Dogmatyczna Paranauka Smoleńska sPiSkowo Wykaczona pełna jest sprzeczności. Głoszący ją sPiSkowcy dopuszczają się kilku różnych sprzeczności.
1) Sprzeczność z prawami nauki.
2) Sprzeczności pomiędzy poszczególnymi wyznawcami.
3) Sprzeczności pomiędzy różnymi wypowiedziami tego samego wyznawcy.
4) Sprzeczności w ramach jednej wypowiedzi.
Nie będę omawiał całości zagadnienia, ponieważ temat jest bardzo szeroki. Dziś na tapetę wezmę punkt 2. Jak już dawno temu pewien znakomity wielce "uczony" mąż Chris wykazał, że brzoza Bodina została zniszczona 7 kwietnia lub nawet wcześniej. Tymczasem ostatnio inny sPiSkowy blagier kategorycznie stwierdził, że brzoza została zniszczona po 10 kwietnia. Na dowód przedstawił zdjęcia. Oczywiście sfałszowane. Na prośby o pokazanie oryginałów milczy, albo odwraca psa ogonem.
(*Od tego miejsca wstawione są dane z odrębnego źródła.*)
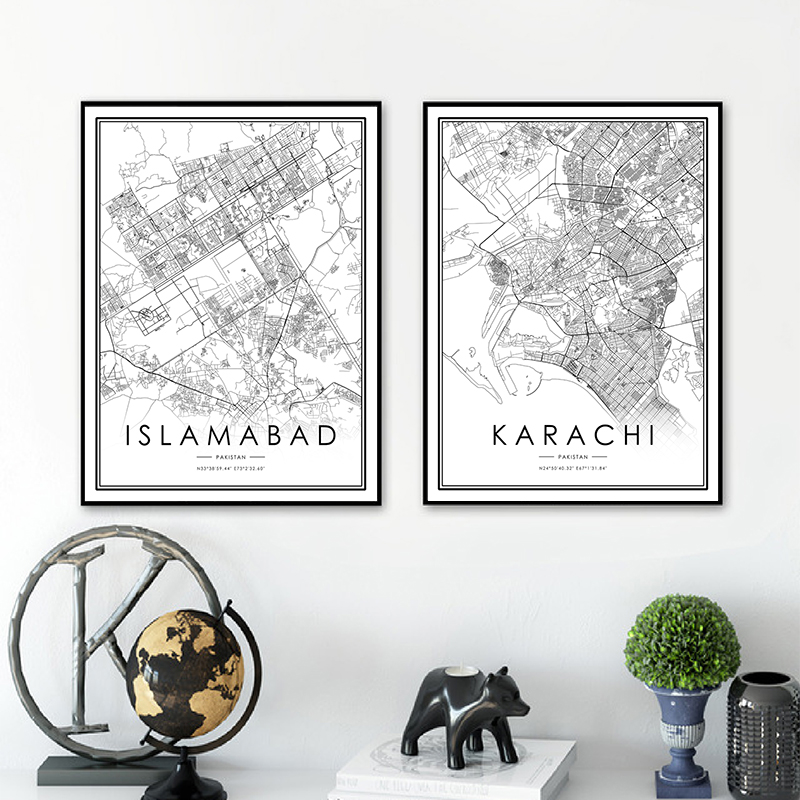 Home Decor Karachi - Карта города Карачи, плакат, Карта города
Żeby było jeszcze "śmieszniej", naczelny szaman sPiSkowy, Antoni powoływał się kiedyś na naocznego świadka, który widział moment zniszczenia brzozy przez samolot. Świadek był początkowo wiarygodny, ponieważ widział zniszczenie brzozy, ale nie zauważył, aby zniszczeniu uległo skrzydło. Potem jednak przestał być wiarygodny, ponieważ powszechna wiedza o tym, że ten samolot nie powninien być w tym miejscu spowodowała, że ZP zaczął dowodzić wyższego przelotu.
Jedno zdarzenie - trzy różne opinie przedstawicieli DPSSW. Na trzeźwo nie da się tego ogarnąć.